Après deux années difficiles passées en Suisse au plus fort de la Révolution française, Abraham-Louis Breguet revint à Paris au printemps 1795. Son entreprise, installée Quai de l’Horloge dans l’Ile de la Cité, était à reconstruire et il ne ménagea pas ses efforts pour réorganiser ses ateliers et conquérir une nouvelle clientèle. Fort de nombreux projets et idées innovantes, il commença dès l’année suivante à introduire de nouvelles créations qui trouvent un écho très fort dans la ligne « Tradition » lancée en 2005.

À l’origine de la famille « Tradition », un chef d’œuvre de simplicité : le calibre de souscription (1796). Connu pour avoir créé les montres les plus compliquées de son temps, Abraham-Louis Breguet fut aussi celui qui créa la montre la plus simple jamais réalisée : la montre de souscription. 

Le nom de cette montre, « souscription », est expliqué par Breguet lui-même dans le prospectus qu’il fait imprimer en 1797 : « Le prix des montres sera de 600 livres ; le quart de cette somme se paiera en souscrivant ; la construction ne souffrira point de retard, et la livraison se fera en suivant l’ordre des souscriptions (…) ».

Enregistrées dans les livres de fabrication et de ventes sous l’appellation de montres de souscription, c’est sous ce nom qu’elles continuent à être désignées et étudiées aujourd’hui encore par tous les collectionneurs et connaisseurs de Breguet.

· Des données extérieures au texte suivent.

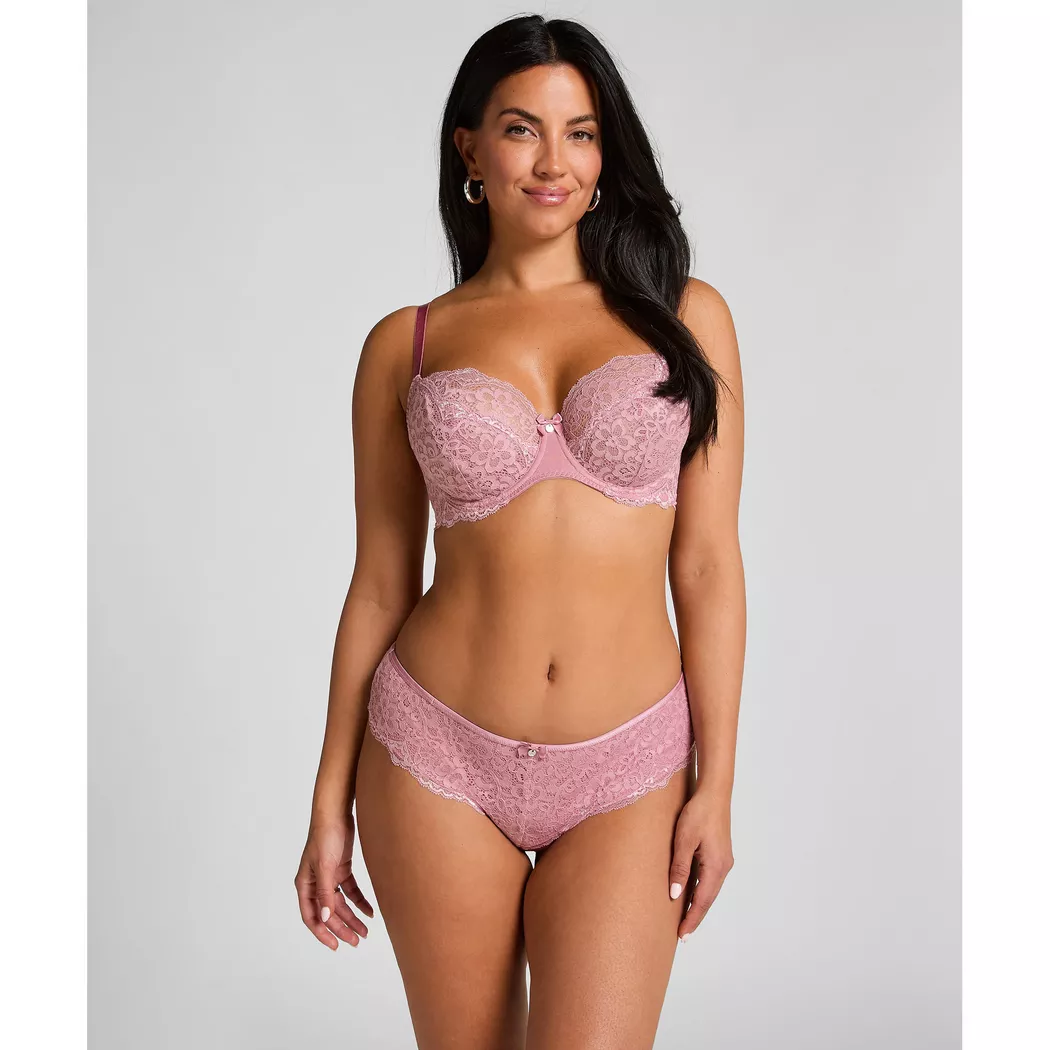 Hunkemöller - Slip con pizzo, per donna, Fucsia, Größe L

Caractérisé par son grand barillet central et un rouage disposé symétriquement de part et d’autre du barillet, le calibre de souscription qui commande une seule aiguille permettant de lire l’heure et les minutes, frappe aujourd’hui encore par son dépouillement et son côté design. 

On peut penser que Breguet était fier de ce type de montre et désireux de le confronter aux goûts de ses contemporains ; c’est d’ailleurs le seul produit pour lequel il fit imprimer un document restituant à la fois ses intentions, ses motivations et ses choix techniques. Chose frappante, Breguet se met à la place de son public, c’est-à-dire de ses clients. Nous sommes au lendemain de la Révolution, et après avoir passé deux ans en Suisse pour se protéger, il a pu constater combien la société avait changé, et donc ses clients potentiels.

Premier constat d’ensemble énoncé par le texte, les montres précises sont destinées « à l’Astronomie et à la Marine », et les montres destinées à l’usage courant ont deux défauts majeurs : elles sont généralement de mauvaise qualité et leur « prix n’est pas à la portée du plus grand nombre des citoyens ». Le défi consistait donc à proposer une pièce tout à la fois abordable et ayant des qualités de solidité et de précision comparables, voire supérieures, aux montres destinées aux sciences. Mais laissons parler Breguet à propos de ses montres d’une nouvelle construction, comme il les qualifie lui-même : « Elles se distinguent par leur simplicité et par une disposition qui garantit l’échappement des accidens les plus graves, même en cas de chutes. La disposition du rouage, l’échappement et le régulateur, le compensateur du chaud et du froid sont si à découverts et si faciles à saisir, que tout observateur attentif peut juger d’un seul coup d’oeil (…) de l’harmonie du travail et de la sûreté des effets ». Après avoir décrit l’organe régulateur et annoncé une réserve de marche de trente-six heures, Breguet annonce que ces montres auront un diamètre respectable de 25 lignes (soit 61mm) et, chose surprenante, une seule aiguille, ajoutant aussitôt comme pour rassurer le lecteur : « Cette dimension du cadran donne une distance suffisante d’une heure à l’autre, pour y placer 12 divisions que l’éguille (sic) rencontre de 5 en 5 minutes, et qui sont tellement disposées qu’il est facile d’estimer l’heure à une minute près ».Et force est de constater en effet que ces montres donnent l’heure de manière lisible, après un très court temps d’adaptation.

A l'origine de la famille

La signature secrète, une réponse à la contrefaçon 

En même temps qu’apparaissait la montre de souscription naissait une autre pratique de la maison, celle de la signature secrète que le maître, confronté à un vaste phénomène de contrefaçon justifiait en ces termes : « Pour détromper le public sur les ouvrages auxquels je n’ai aucune part, et que l’on répand sous mon nom, je mettrai sur le cadran une marque particulière, exécutée par une machine dont les effets sont très difficiles à imiter. » La machine en question est un pantographe à pointe sèche dont le Musée Breguet a pu récemment acquérir un exemplaire ancien. 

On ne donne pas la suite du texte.